Blocks 54 and 56 are optional. In block 54 or block 56, if present, the program executes code that may do nothing, may serve a purpose in another part of program 40, or may serve to detect that block 54 or block 56 has been executed, in which case the code may be the same or different for the two blocks. Block 54 or block 56 may comprise code for two or more of those functions. Alternatively, or in addition, block 54 and/or block 56 may represent code that is not actually executed at all, but merely makes the compiled program 40 harder to read. Blocks 54 and 56 may be the same or different. Even if blocks 54 and 56 serve a common useful purpose, they may use different code, in order to make it less obvious that they are duplicates.

The program then proceeds to block 58 or block 60. In block 58 or block 60, an unpredictable choice is made, and the program proceeds to optional block 62, 64, 66, or 68. In block 62, 64, 66, or 68, if present, the program executes code that may do nothing, may serve a purpose in another part of program 40, or may serve to detect that the block in question has been executed, in which case the code may be the same or different for the four blocks.
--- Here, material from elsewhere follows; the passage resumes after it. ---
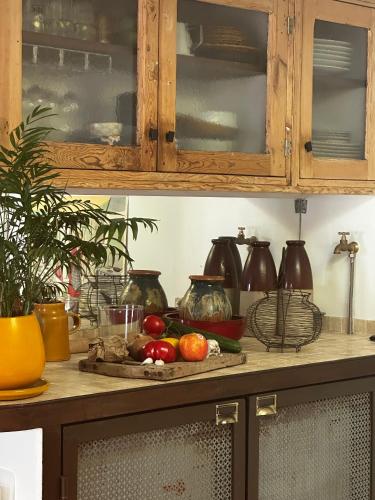 - un comptoir de cuisine avec des fruits et des légumes sur une table dans l'établissement Le Cocoon Coloré, à Cucuron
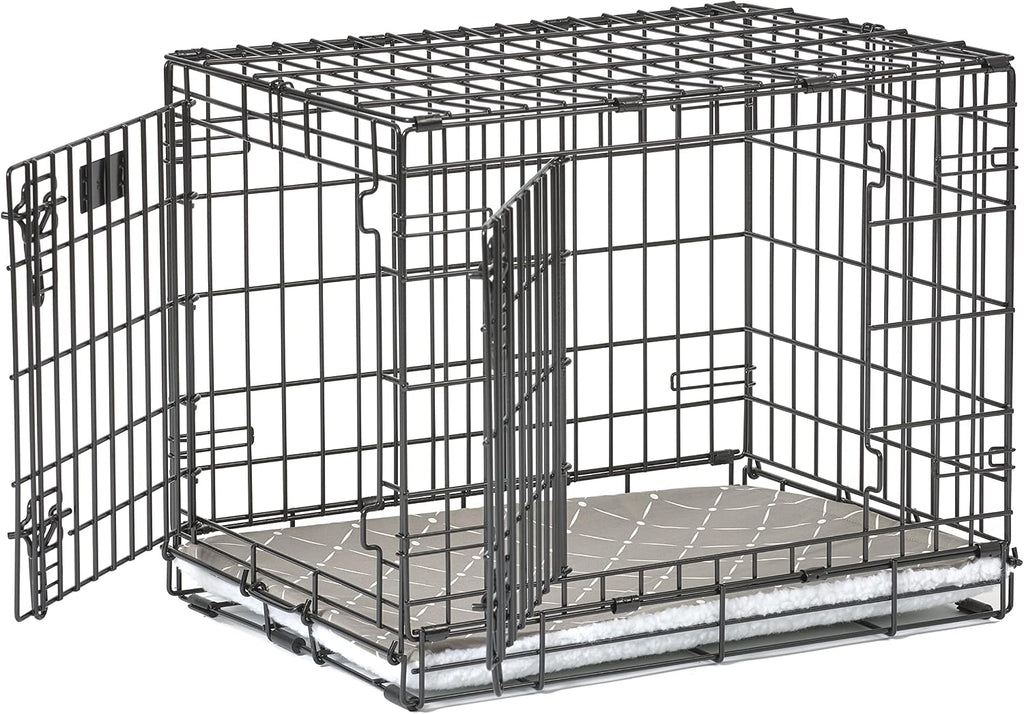 MidWest Homes for Pets Quiet Time Reversible Crate Pan Cover 24' Mushroom Diamond/Fleece, Small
Blocks 62, 64, 66, and 68 may comprise code for two or more of those functions. Alternatively, or in addition, blocks 62, 64, 66, and/or 68 may represent code that is not actually executed at all, but merely makes the compiled program 40 harder to read. In order to make the obfuscation less obvious, the code for blocks 54, 56, 62, 64, 66, and 68 may be different even if the end result of executing two of those blocks is the same.

The program then proceeds to one of blocks 70, 72, 74, and 76, where a further unpredictable choice is made, from which the program proceeds to the selected one of optional blocks 78, 80, 82, 84, 86, 88, 90, and 92. The above description of blocks 54, 56, 62, 64, 66, and 68 applies also to blocks 78, 80, 82, 84, 86, 88, 90, and 92, and in the interests of conciseness is not repeated.

The number of successive levels of unpredictable choices may be greater or less than the three illustrated. The number of levels may be different in different branches, although in general equal numbers are likely to be more secure, because a very short path could present a vulnerability to an astute or lucky hacker. However, three levels, leading to eight twigs, is believed to be convenient for many purposes.

The basis for this and other unpredictable choices may depend on the circumstances, the degree of obfuscation required, the available sources of unpredictability, and the individual programmer writing the program 40. A roughly equal probability of the two outcomes is usually preferred. A choice based on a pseudorandom number is usually adequately secure and easy to implement, but the occasional use of something more whimsical may be advantageous. Where a plurality of iterations of an unpredictable choice are made in quick succession, a single pseudorandom number or other unpredictable datum may be used to choose an entire path, for example, by selecting a line in a matrix, and then using the terms in that line to specify the successive choices defining that path. In the example shown in FIG. 2, the matrix may then have eight lines, each containing a different permutation of three binary digits.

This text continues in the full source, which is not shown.